Throughout the years, the sport which has adhered most religiously to this anti-sex doctrine has been boxing. In Mendoza's Modern Art of Boxing, published near the end of the 18th century, the author warns the would be fistic to "Be sure you take care to avoid excess either in food, wine or women." Captain Robert Barclay, a strongman, fighter, and boxing patron of the early 1800s, revolutionized the boxer's training regimen. He was a firm believer in the benefits of regular bowel movements, sucking raw eggs in the morning, and avoidance of the old in/out, "The sexual intercourse," wrote Captain Barclay, "must vanish and be no more heard from within the first week of training."

A Round in Bed Before a Round in the Ring

Boxers have generally followed the "no-nookie" rule while in training for fights… but there have been exceptions. One of the most notable of these was the "Pittsburgh Windmill," Harry Greb. At the height of his career in the mid-1920s, Greb held both the Middleweight and Light-Heavyweight championships of the world (the latter having been snatched from the powerful hands of Gene Tunney). Pound for proverbial pound, Greb was one of the best barroom brawlers who ever stepped through the velvet ropes. In addition to his victory over Tunney and his domination of the Welterweight and Middleweight divisions, Harry reportedly had a couple of training bouts with Jack Dempsey in which he greatly embarrassed that legendary champion.

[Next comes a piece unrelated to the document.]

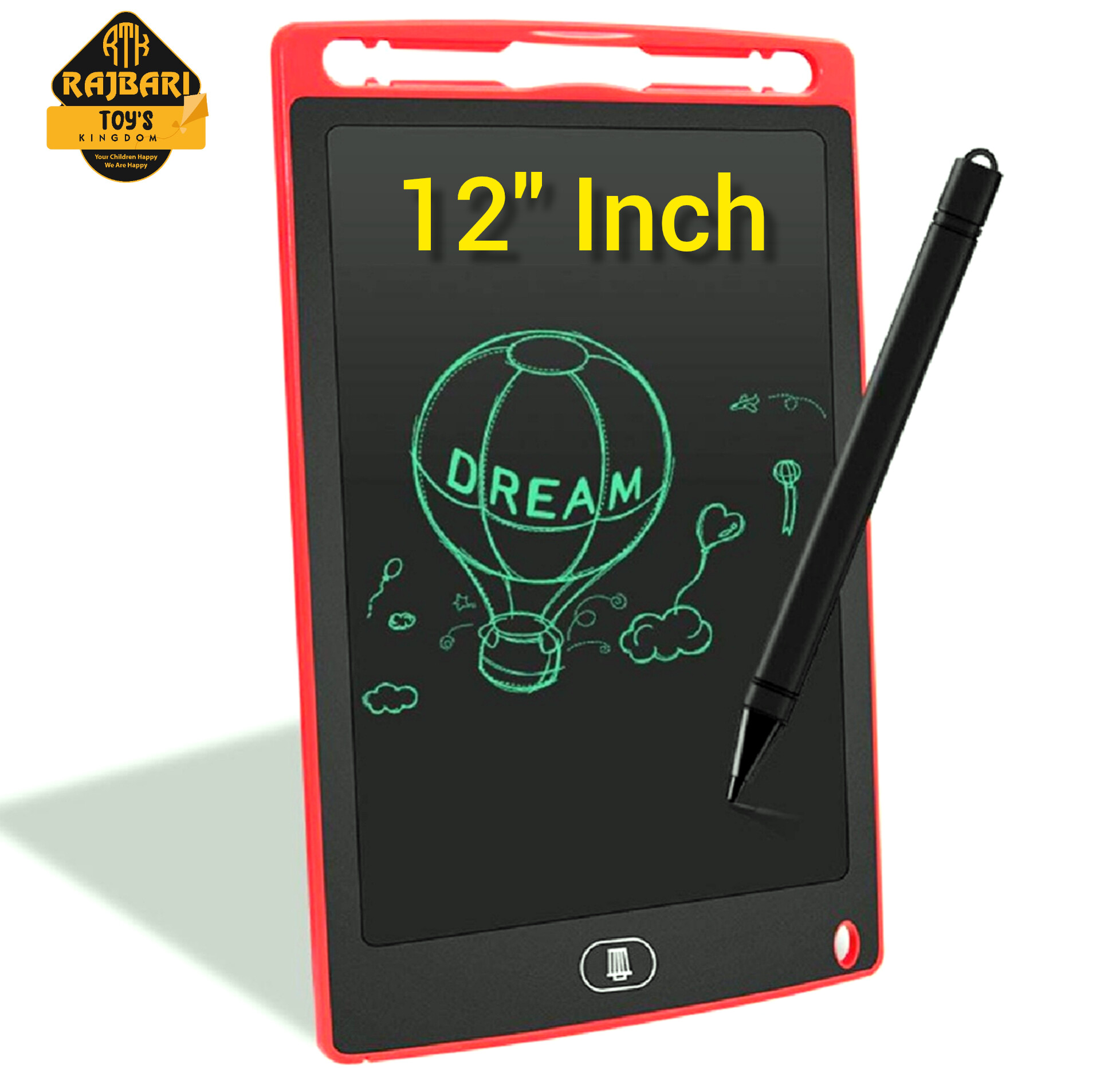 8.5",10" & 12" Inch LCD Writing, Drawing Tab For Kids - Image 4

Greb was a notorious boozer and womanizer. His bouts in bars and bedrooms all over the country are very nearly as famous as those he had in the ring. It was a matter of practice for Greb to partake in healthy doses of both booze and broads on the eve of important fights. And, he was interrupted on more than one occasion in the act of humping some all-too-willing woman in his dressing room, mere moments before the opening bell.

Of more recently renown champion prizefighters, none was more devoted to sexual abstinence in training than Muhammad Ali. While Ali's voracious sexual appetite is legend, he apparently always managed to stick to a strict sex-diet during the long, arduous weeks of training. At this training camp in Deer Lake, Pennsylvania, Ali and his wife-of-the-moment slept in separate log cabins. Camp residents swear that nocturnal visits between the two cabins were highly rare, if at all.

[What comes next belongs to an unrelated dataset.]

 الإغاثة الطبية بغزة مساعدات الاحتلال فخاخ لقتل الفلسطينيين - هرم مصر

Said Ali in comparing the training methods of old with those of his hay-day, "There ain't but one way to train. Running is the same, punching the bag is the same, jumping rope's the same, resting and going to camp, following the dietary laws… Clean living is the same. It's grueling, it's rough, it's agony."

Presumably for Ali, the "clean living" was the greatest agony of all.

In sports other than boxing, sex-and-training taboos are far less prevalent, However, many football, basketball, and baseball coaches still attempt to seclude their players during the first few weeks of the new season. Curfews are routinely exercised as much to keep players "out of the saddle" as in the sack at a certain hour, and avoidance of sex on the eve of the game remains a common practice. Though most coaches will claim not to discourage their players from having sex before "The Big Game," a good many of them—particularly the "old schoolers"—still believe carnal indulgence to be harmful to performance. Some of the players themselves, mindful of the coach's feelings, will abstain. Better to get some action on the field and then some again after a big win, if you know what I mean.

No Frisking for Football Players

The ex-girlfriend of a still famous, but aging, pro football wide receiver was surprised and dismayed at how their sexual activity declined drastically during the season. When not in training, they enjoyed sex at least four or five times a week, but once football season started, the stud jock could barely get it up one night a week. The girl remained frustrated from July through September.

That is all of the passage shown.